Energi Merapi Tiga Kali Lipat Letusan 2006

merapi
Warta IPTEK

Energi Merapi Tiga Kali Lipat Letusan 2006

Energi Merapi Tiga Kali Lipat Letusan 2006

merapi

Erupsi gunung Merapi beberapa waktu lalu (Foto: Dok Okezone)

YOGYAKARTA – Masa kritis Gunung Merapi terus berlanjut. Kemarin, salah satu gunung teraktif di dunia itu kembali mengeluarkan awan panas sebanyak empat kali.

Kepala Pusat Vulkanologi dan Mitigasi Bencana Geologi (PVMBG) Surono kembali memperingatkan bahwa aktivitas Gunung Merapi masih berbahaya. Karena itu, masyarakat diminta tetap menjaga jarak radius 10 km dari puncak.

“Energi yang tersimpan di Gunung Merapi tiga kali lipat lebih besar dibandingkan energi letusan pada 1997, 2001, dan 2006,” kata Surono di Yogyakarta, Minggu (31/10/2010).

Erupsi kali ini, menurut Surono, berbeda dengan karakter yang biasa ditunjukkan. Biasanya, jika Gunung Merapi meletus, keluarnya awan panas diikuti munculnya titik api diam, lava, dan kubah lava baru kemudian erupsi akan berhenti.

Namun, pada erupsi 2010, belum terbentuk kubah lava baru, padahal Gunung Merapi sudah meletus tiga kali, yaitu pada 26 Oktober, 30 Oktober, dan kemarin.

“Semuanya (luncuran awan panas) mengarah ke selatan,”ujar Surono. Setelah terjadi letusan besar memang terpantau adanya kawah dengan diameter sekitar 200–50 meter yang sempat terisi material lava yang menyumbat dan mengakibatkan letusan lanjutan pada Sabtu pekan lalu.

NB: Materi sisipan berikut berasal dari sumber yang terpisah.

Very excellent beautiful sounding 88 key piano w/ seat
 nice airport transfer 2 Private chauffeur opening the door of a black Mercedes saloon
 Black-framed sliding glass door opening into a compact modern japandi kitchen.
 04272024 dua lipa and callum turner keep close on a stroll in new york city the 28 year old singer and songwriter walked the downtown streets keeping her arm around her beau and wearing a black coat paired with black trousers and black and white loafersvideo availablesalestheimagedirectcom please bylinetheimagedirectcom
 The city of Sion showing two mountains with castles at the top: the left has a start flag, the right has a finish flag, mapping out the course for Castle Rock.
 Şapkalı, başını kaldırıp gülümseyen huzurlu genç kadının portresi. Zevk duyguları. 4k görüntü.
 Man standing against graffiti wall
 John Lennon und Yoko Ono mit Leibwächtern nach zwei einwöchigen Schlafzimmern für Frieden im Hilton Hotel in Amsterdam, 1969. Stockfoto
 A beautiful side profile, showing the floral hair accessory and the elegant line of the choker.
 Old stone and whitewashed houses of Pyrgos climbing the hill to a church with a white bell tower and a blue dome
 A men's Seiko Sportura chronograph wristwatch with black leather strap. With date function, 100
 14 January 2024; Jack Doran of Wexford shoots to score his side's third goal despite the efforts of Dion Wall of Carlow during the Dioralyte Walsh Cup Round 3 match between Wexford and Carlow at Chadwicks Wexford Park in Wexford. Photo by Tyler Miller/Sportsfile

Berdasarkan pemantauan tim BPPTK, dari hasil erupsi Merapi ditemukan material lava dengan komposisi magma sekitar 57 persen silika. Berarti magma ini lebih asam yang mengakibatkan tekanan magma dalam gunung menjadi lebih tinggi.

Pemantauan kini mengandalkan pencatatan aktivitas seismik karena prisma di lereng Merapi belum bisa diganti akibat adanya lontaran ke segala arah.

Data aktivitas seismik Gunung Merapi yang terpantau hingga pukul 18.00 WIB kemarin, telah terjadi 149 kali guguran, 30 kali gempa multiphase, 22 kali gempa frekuensi rendah, dan 1 gempa tektonik.

Kepala Seksi Pengamatan Gunung Merapi BPPTK Sri Sumarti mengatakan masyarakat diharapkan tidak memercayai informasi-informasi seputar Gunung Merapi yang tidak akurat.

Pihaknya selalu memperbarui data pemantauan gunung tersebut yang bisa diakses masyarakat. Padaletusankemarin, kepanikan warga terlihat di kawasan rawan bencana (KRB) Merapi. Warga berhamburan ke jalan untuk menyelamatkan diri dan mengungsi ke daerah yang lebih aman.